* **TASK DIRECTIONS**: Would you please output, word for word, the span of the listing below that opens on the line containing "Apartamento de 3" and closes on the line containing "美国NewAge食品级/工业级/医 疗 级塑料管道"? Include both ends and nothing more.

* **EXERCISE MATERIAL**:
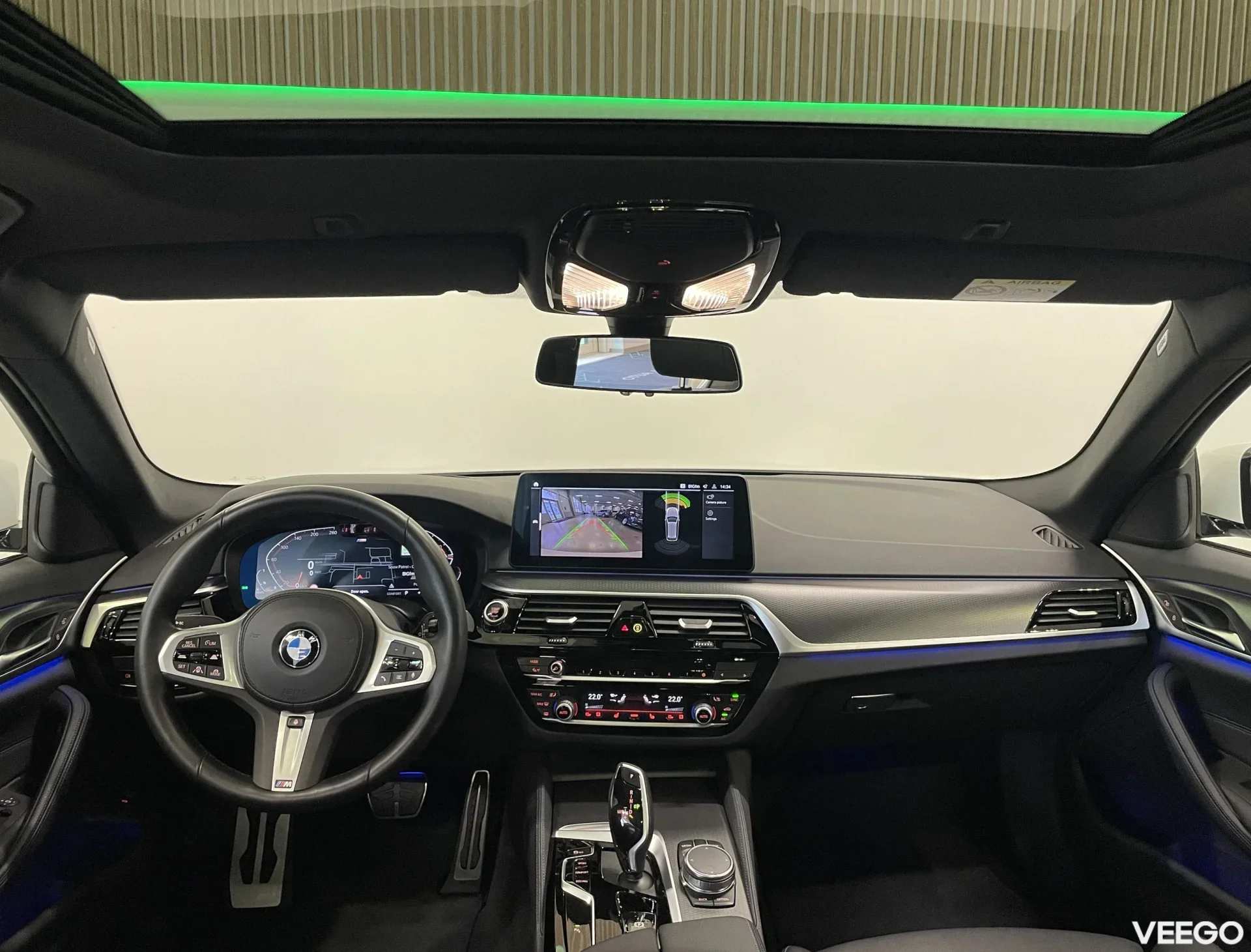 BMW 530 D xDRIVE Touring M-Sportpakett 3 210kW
* * *
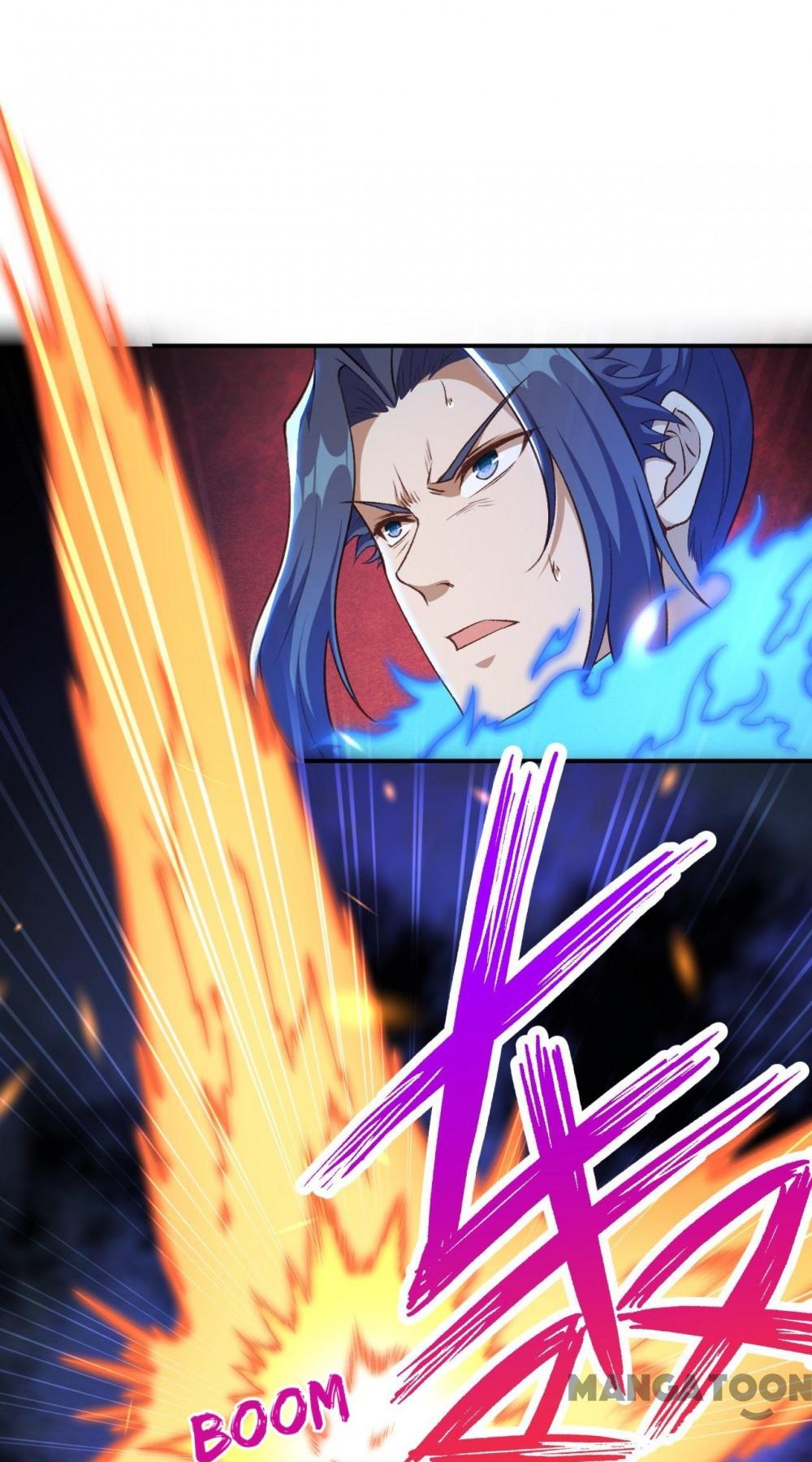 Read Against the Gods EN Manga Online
* * *
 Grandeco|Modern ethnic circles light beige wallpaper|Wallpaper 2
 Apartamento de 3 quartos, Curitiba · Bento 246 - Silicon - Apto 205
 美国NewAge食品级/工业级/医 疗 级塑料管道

* **SOLUTION TO THIS EXERCISE**:
 Apartamento de 3 quartos, Curitiba · Bento 246 - Silicon - Apto 205
 美国NewAge食品级/工业级/医 疗 级塑料管道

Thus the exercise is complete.